**TASK DIRECTIONS:** Produce an exact transcription of the listing below, omitting the pictures.
----- DATA BLOCK -----
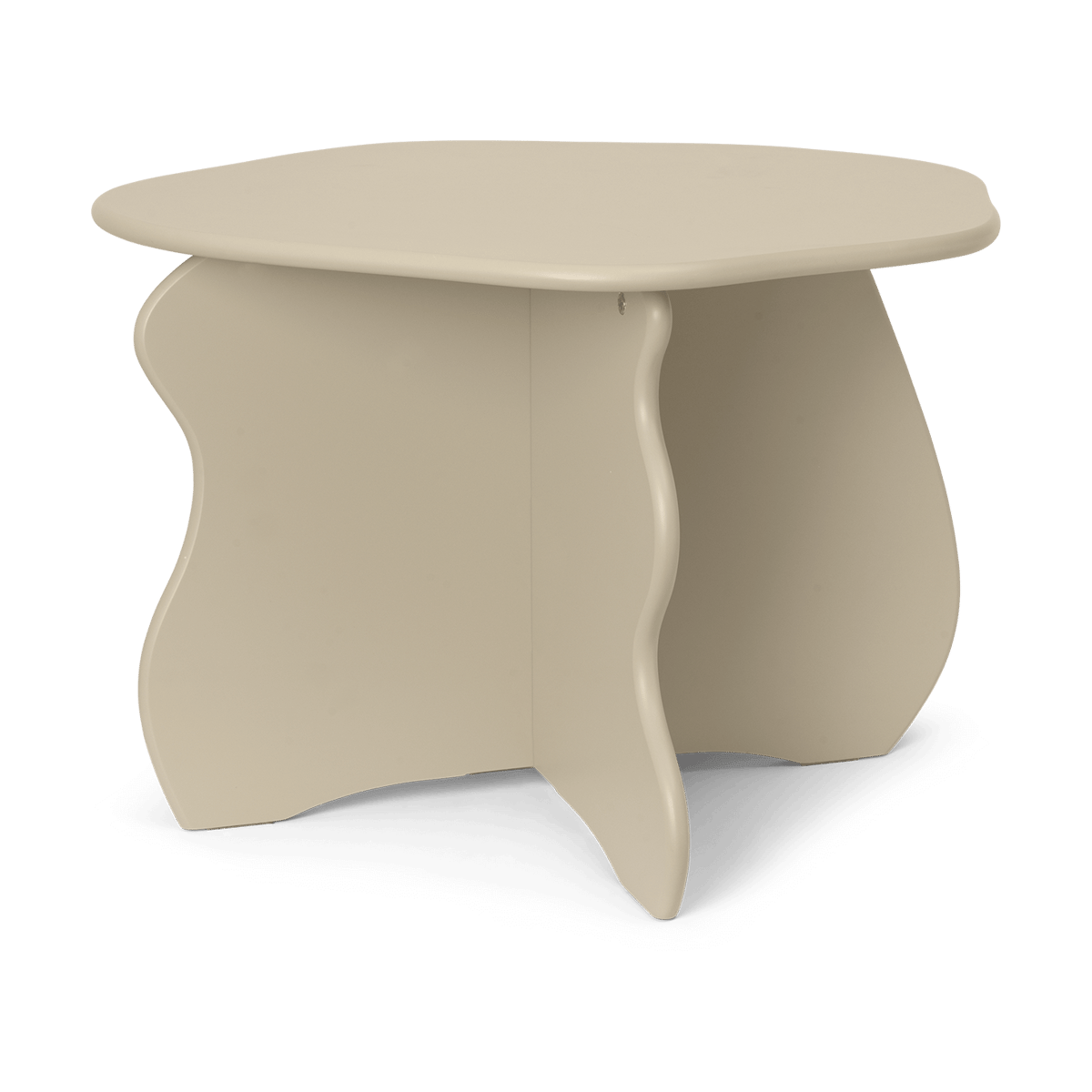 Ferm Living Slope table Cashmere | Scandinavian Design | Coffee tables | Beige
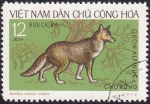 Sellos de Asia - Vietnam -  Cuon alpinus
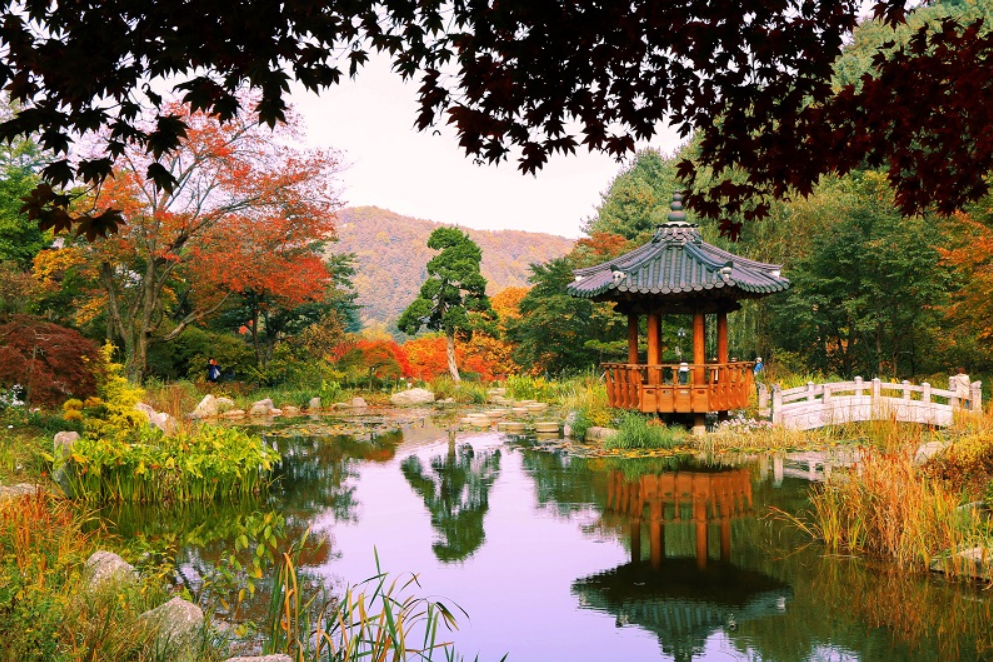 Нами (Намисом) - остров на реке Ханган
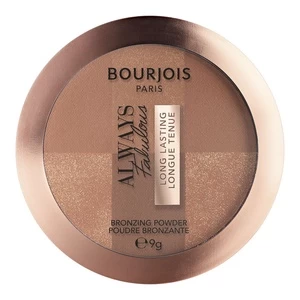 Bronzantas Bourjois Always Fabulous Bronzing 002 Dark, 9g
-----
**EXERCISE ANSWER:**
 Ferm Living Slope table Cashmere | Scandinavian Design | Coffee tables | Beige
 Sellos de Asia - Vietnam -  Cuon alpinus
 Нами (Намисом) - остров на реке Ханган
 Bronzantas Bourjois Always Fabulous Bronzing 002 Dark, 9g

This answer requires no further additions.